Firstly start by listing all the audience members; both internal and external. Arrange the list in the first column of the matrix with each row representing a different group member of the audience. Secondly break up the strategic plan by various pieces of information. Arrange them as the first row of the matrix, with each piece representing a separate column.

Now that you have the matrix in front of you think about which piece of information is relevant to each board member and note it down accordingly.

For example, a strategy can be broken down into its mission and vision, strategic objectives, goals, individual actions and Key Performance Indicators (KPI’s). The board and director should be notified of information that is relevant to big picture planning; which is why they will only be informed of the mission and vision, strategic objectives and the KPI’s. A staff member who is only concerned with their role in the organization will be informed of the individual actions, goals, and the mission and vision.

Once you have decided on whom to communicate your plan, you will need to plan the style and timing of delivery. Think about the best medium appropriate for your audience. Will a presentation, email, flyer or a note on the notice board be effective? Consider the options, and choose one which will make it easier for them to fully understand. The delivery method is equally important. Directors would like to be briefed in a meeting so that they can discuss the objectives together. Community members can be told through press releases to the public. Staff members are better informed through their supervisors or directly from the directors.
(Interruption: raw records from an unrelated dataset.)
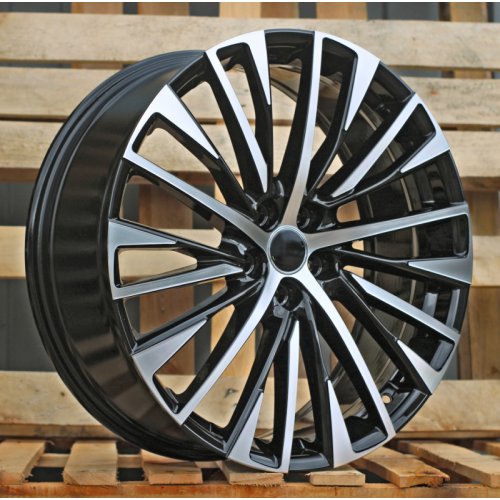 Alu kola Racing Line Y1118, 20x8 5x114.3 ET30, černá + leštění (zátěžová)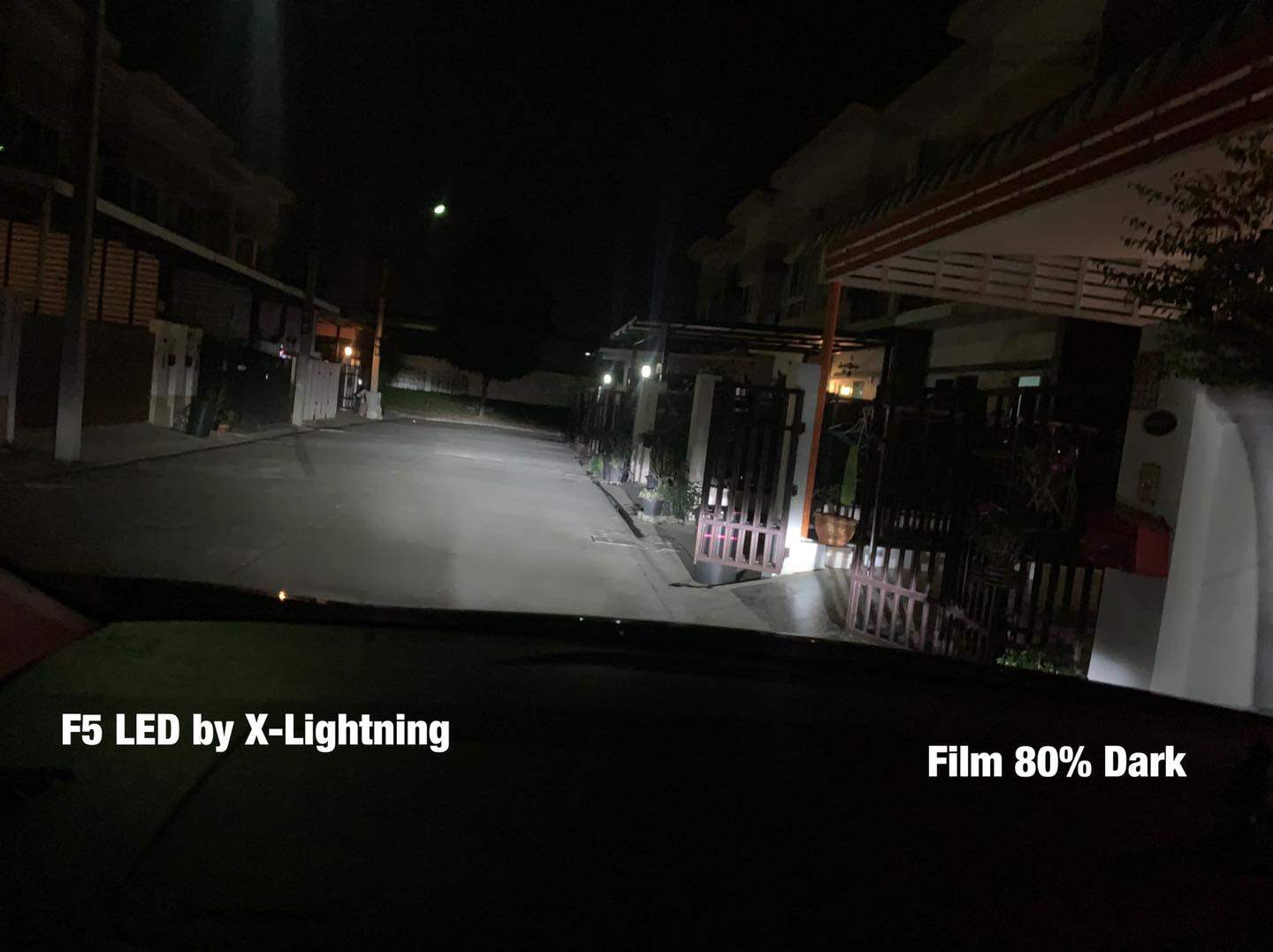 SALE หลอดไฟ LED ไฟหน้ารถยนต์ รุ่น F5 ของแท้ สว่างกว่า ทน 22000LM 110W (รับประกัน 3 เดือน) ซีนอลโรงงาน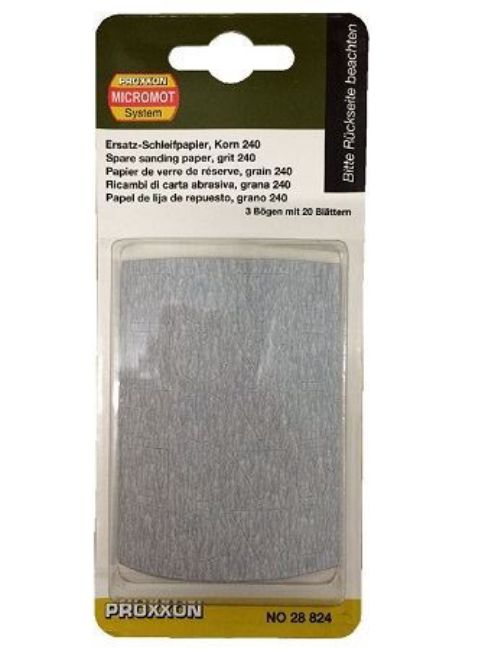 Изображение Шлифбумага К240 Proxxon 28824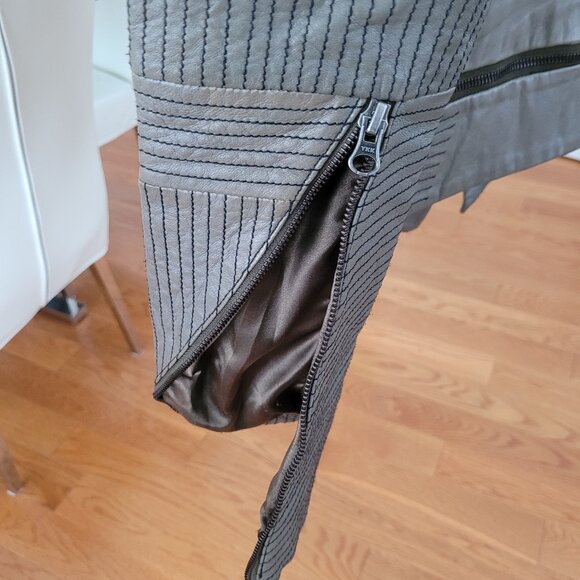 ImprovD Lamb Leather Moto Jacket - Picture 5 of 16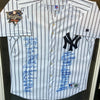 2000 Yankees Team Signed World Series Jersey Derek Jeter Mariano Rivera Steiner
The strategy and business goals undergo changes now and then. Accordingly, you must decide how often to communicate the plan to each group of stakeholders. External stakeholders can be informed two to three times a year as the information does not considerably affect them. However, directors and supervising managers need to be told every few weeks. Most importantly, keep every person in sync with progress against your plan.

Moreover, lastly, just have fun with it and be enthusiastic about it. Keep the style of delivery interesting with graphics and color. Talks of plans and strategy can be boring, and you can easily lose the attention of your audience. You don’t want to do that because as we said before if they don’t understand the strategy, what’s the point of having one?